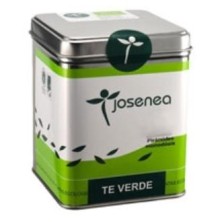 Te Verde Lata Josenea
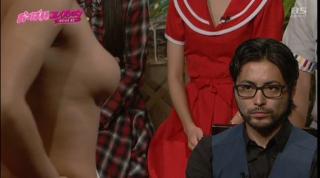 【実況・感想】ゆとりですがなにか3話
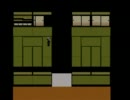 リアクションが良い友だちと一緒に青鬼5.20実況してみたpart2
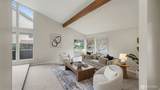 15016 184th St - Photo 19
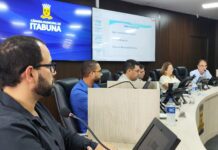 “Itabuna vive a melhor situação financeira dos últimos 5,5 anos de gestão”, diz consultor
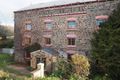 Property photo of 67 Meander Valley Road Carrick TAS 7291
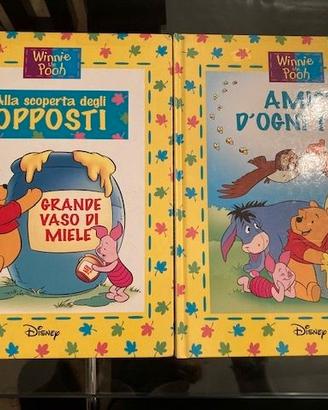 Libri per bambini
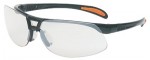 Honeywell S4202 Uvex Protg Eyewear
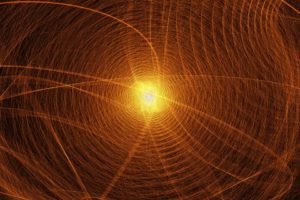 Read more about the article Lecture 4-LASER Basic concept Properties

**TASK PROMPT**
Without any pictures, write out the lines running from the one containing "15016 184th St - Photo 19" through the end of the listing above, both included, exactly as given.

**SOLUTION TO THE PROBLEM**
 15016 184th St - Photo 19
 “Itabuna vive a melhor situação financeira dos últimos 5,5 anos de gestão”, diz consultor
 Property photo of 67 Meander Valley Road Carrick TAS 7291
 Libri per bambini
 Honeywell S4202 Uvex Protg Eyewear
 Read more about the article Lecture 4-LASER Basic concept Properties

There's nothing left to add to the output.